Your instructions:
Retype nothing but the lines from the start of the material up to and including the line with "My personal favorite". Pictures don't belong in the copy.

Data:

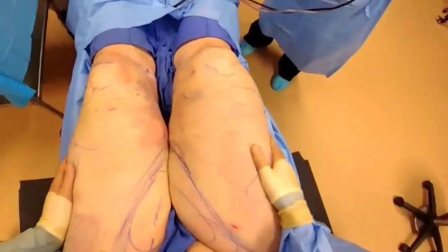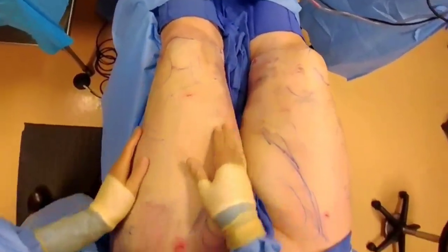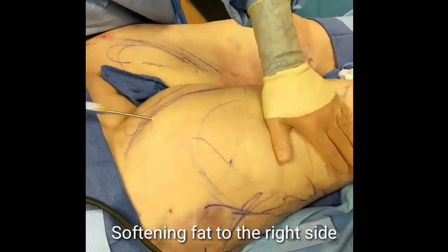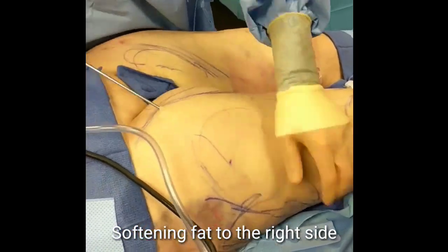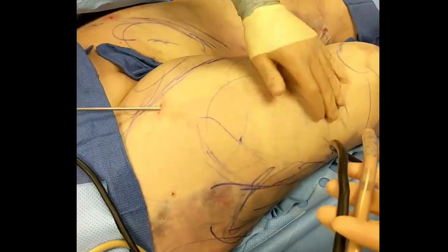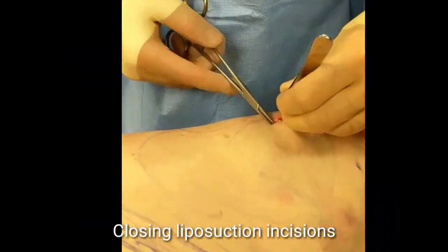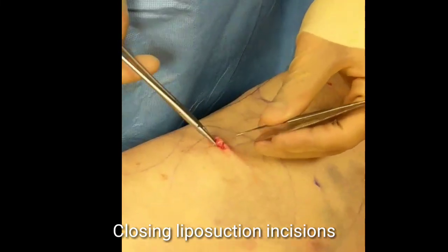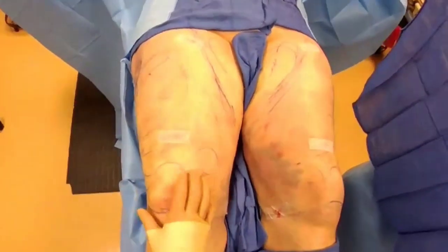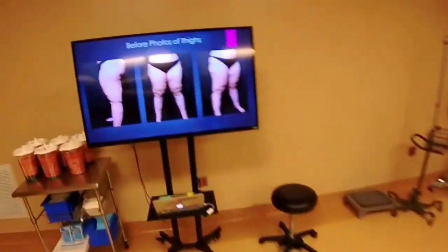Making progress — huge difference. One leg taken care of, the other one not yet. Kneecap starting to come to shape. We have knees — a little swollen, but knees nice, thighs a lot better contour. This is where she started off.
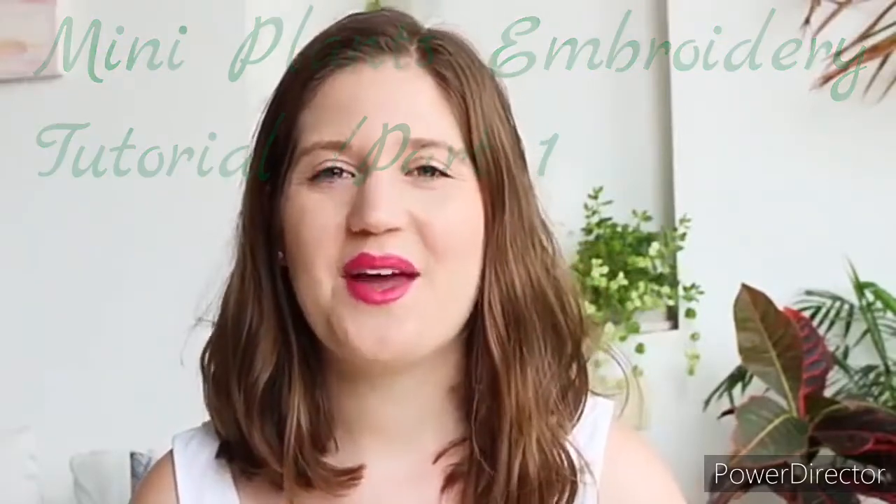Hi, I'm Nour from Datasol and today I want to show you my new mini plant embroidery kit. In this video I'm going to show you how to embroider each plant — we have three designs. You can check out the whole embroidery kit in my Etsy shop; the link is in the description box. Let's get started!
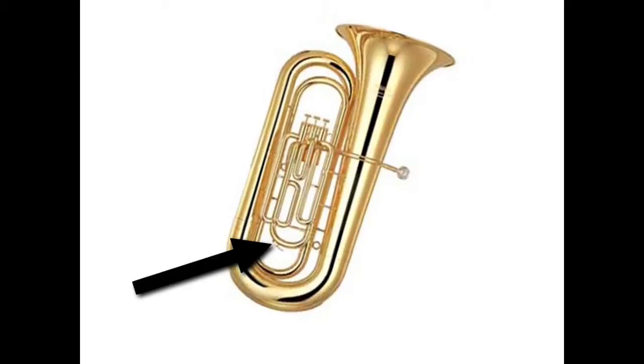My personal favorite part of the tuba or euphonium is called the spit valve. Some directors might call it the water key, but I like spit valve better because it sounds cooler. The spit valve opens up to let moisture out of our instrument — it's not really spit as much as it is condensation.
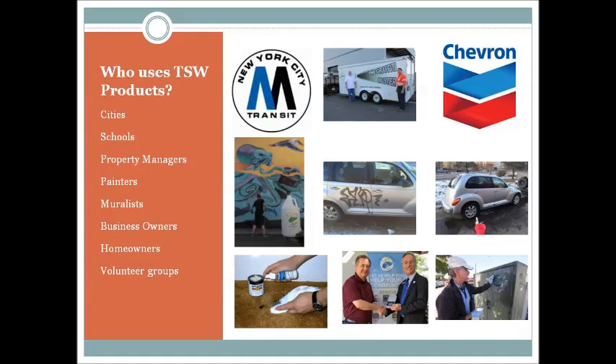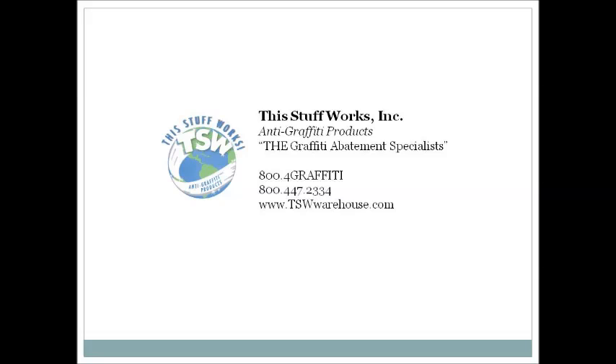TSW products are used daily by cities, schools, property managers, and more. For questions regarding our pH testers or our other products such as graffiti removers, graffiti resistant coatings, and spray rig cleaner, please give us a call at 800-4-GRAFFITI, which is 800-447-2334. Thank you for taking the time to learn more about TSW products.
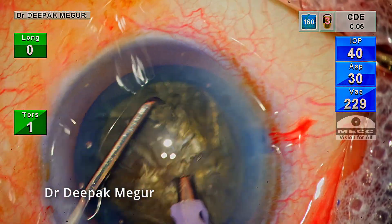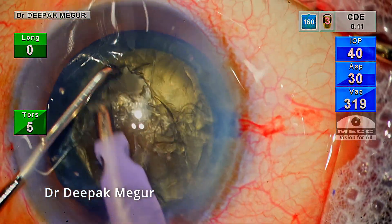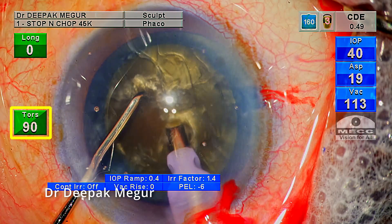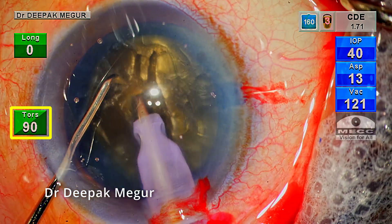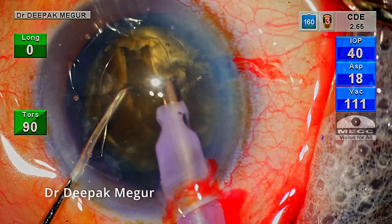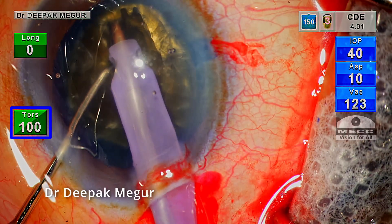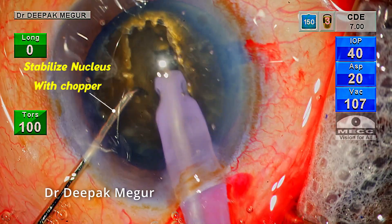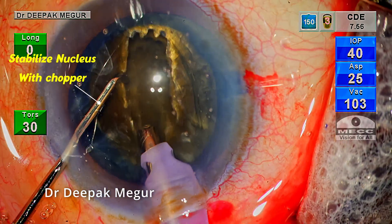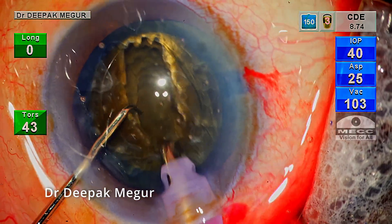Initially, I aspirated a little bit of superficial cortex just to get the flow moving before starting the sculpting process. The plan is to use the classical four-quadrant divide-and-conquer technique, using torsional ultrasound. I begin sculpting using continuous torsional energy in linear mode, increasing my energy settings to 100% as I realize that 90% was not good enough. The nucleus is stabilized with my chopper and the groove is widened so that there is no obstruction to the phaco sleeve as deeper trenching is begun.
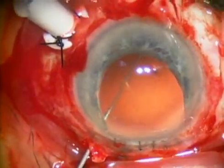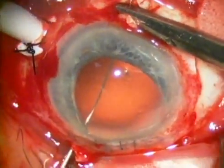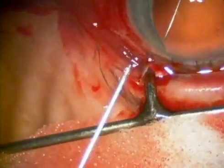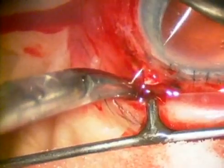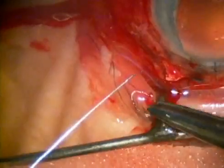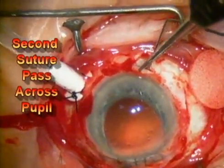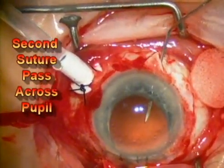The needle is guided across the pupil with the 27-gauge needle, and a fair amount of pressure is placed on the globe so that the tip of the needle comes out the other side of the eye and can be grasped. These needles are all placed underneath the scleral flap. That one was placed toward the left side of the flap, and this next needle pass is done on the opposite side of the scleral flap.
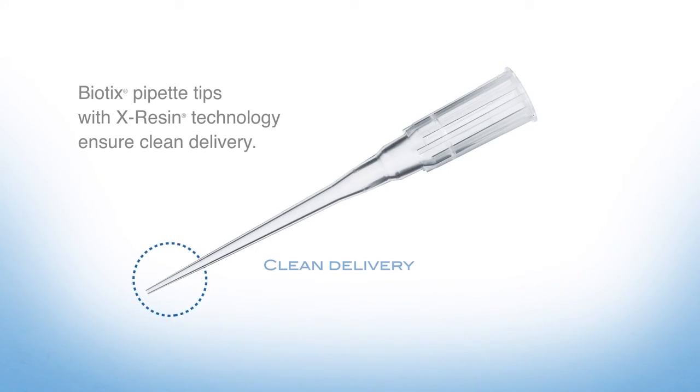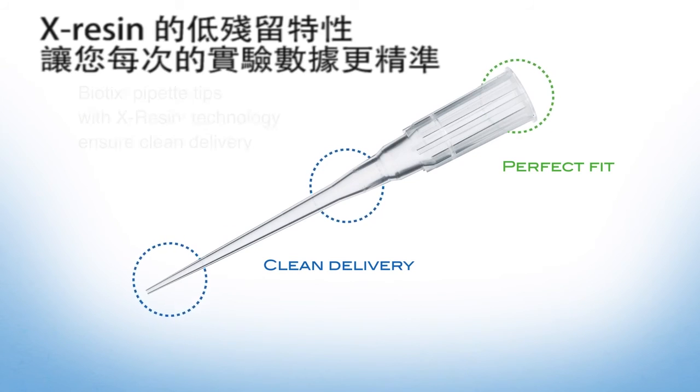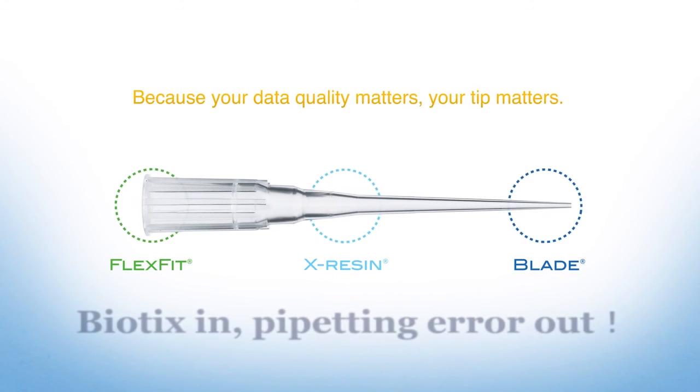Biotics pipette tips with X-Resin have low retention built-in, giving you uniform, clean delivery every time. Because your data quality matters, your tip matters. Biotics.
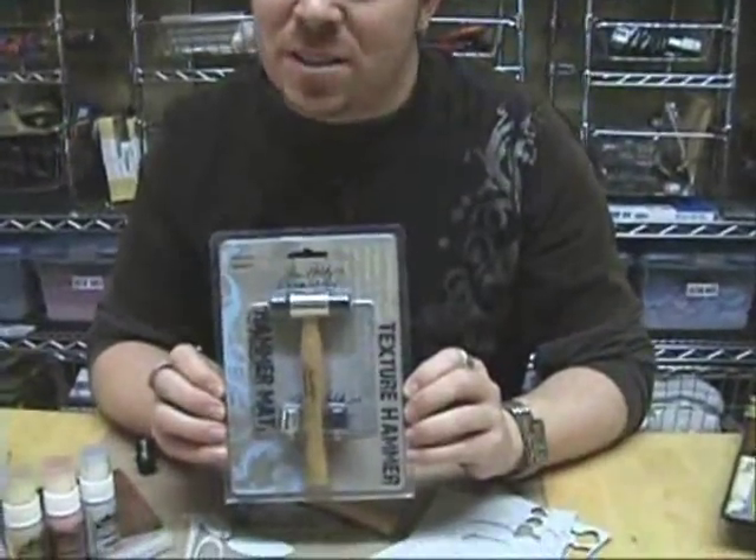Hey, I'm Tim Holtz. Thanks for stopping by. Today I want to talk about the texture hammer and show you the cool things it can do. Let's check it out.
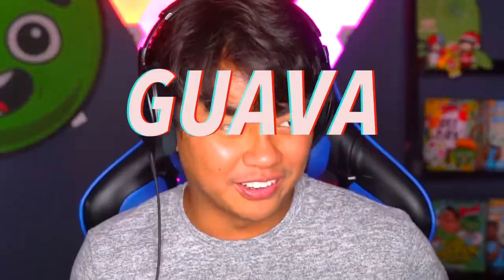Oh hey, what's up, I didn't see you there! Welcome to another episode of Guava Reacts. Today we're gonna be reacting to some phone hacks, specifically from Five Minute Crafts. I don't know where they get their ideas from, but they're truly amazing, and that's why we are going to watch it and possibly attempt some of it. Let's get started.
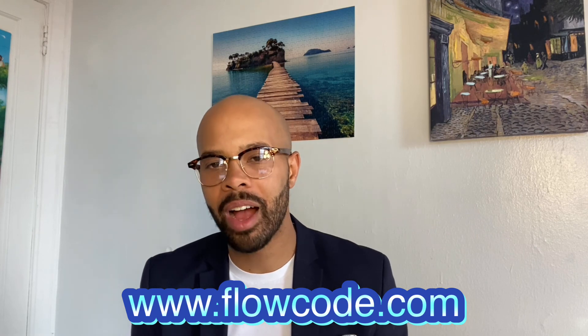What are you waiting for? Why aren't you signed up yet? Get on your computer, get on your phone, sign up at www.flowcode.com. Thank you for listening and allowing me to share.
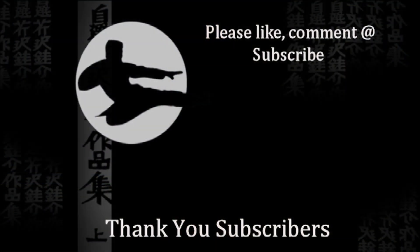Thank you for watching. Please like and subscribe. Feel free to leave comments and ask questions. Thanks very much for helping grow the channel.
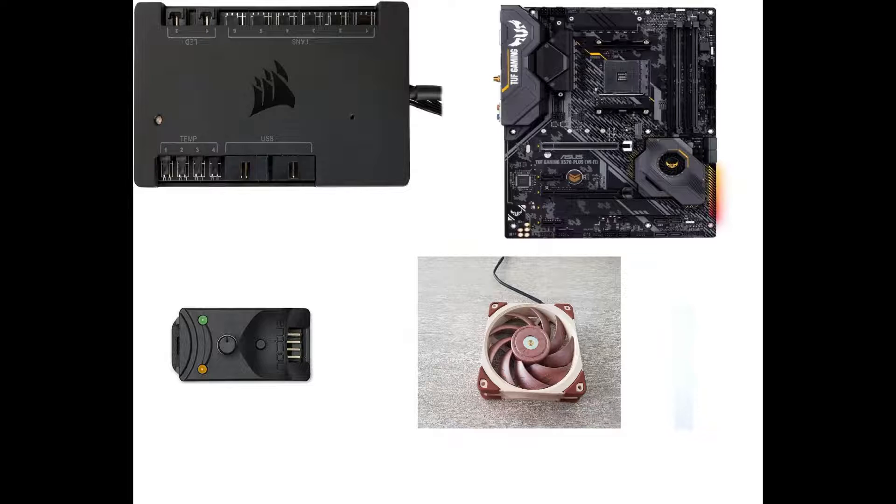The way I tested was with three different PWM signal sources connected to a DC fan: the motherboard and Corsair Commander Pro, which were software controlled, and the Noctua controller, which was manual.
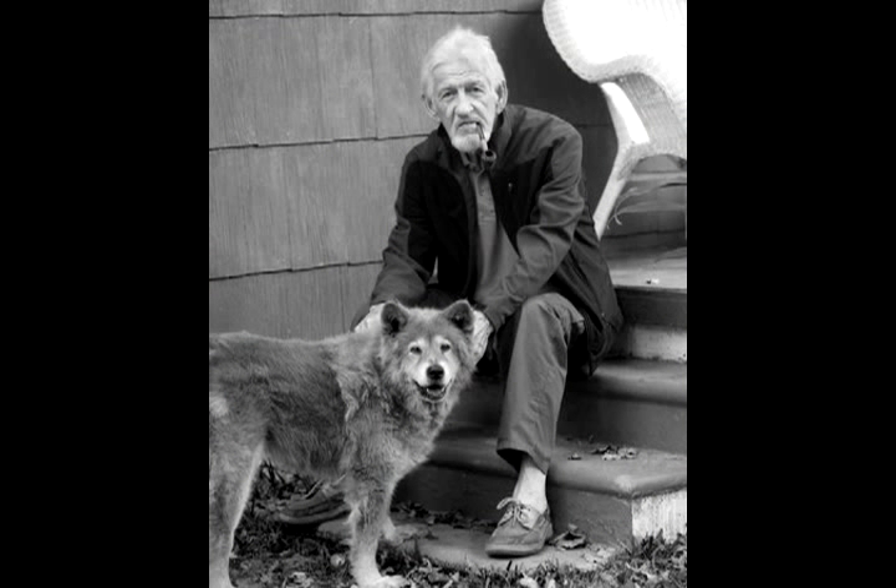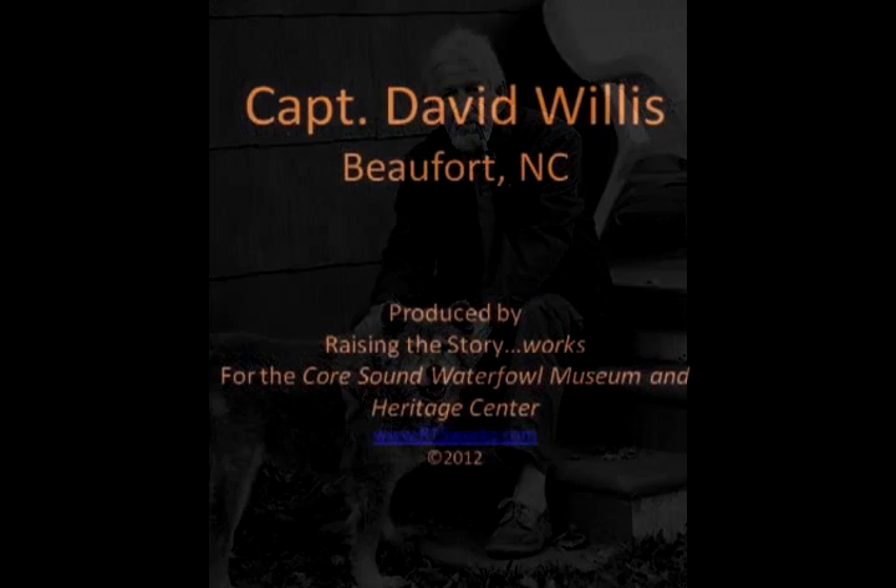When you were rowing this way, you never let your weight get forward of the point of balance. I would practice down here in front of Bofor Fisheries, and I'd just row up and down that cut.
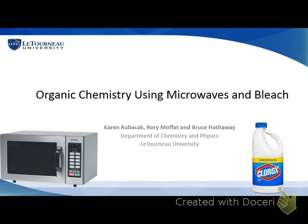It will be brought to you today by our own homegrown faculty and students, so it's a very homey sort of talk today. They feel very comfortable in that regard. And I feel right at home. So today we're talking about organic chemistry using microwaves and bleach.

Task answer:
Making progress — huge difference. One leg taken care of, the other one not yet. Kneecap starting to come to shape. We have knees — a little swollen, but knees nice, thighs a lot better contour. This is where she started off.
Hi, I'm Nour from Datasol and today I want to show you my new mini plant embroidery kit. In this video I'm going to show you how to embroider each plant — we have three designs. You can check out the whole embroidery kit in my Etsy shop; the link is in the description box. Let's get started!
My personal favorite part of the tuba or euphonium is called the spit valve. Some directors might call it the water key, but I like spit valve better because it sounds cooler. The spit valve opens up to let moisture out of our instrument — it's not really spit as much as it is condensation.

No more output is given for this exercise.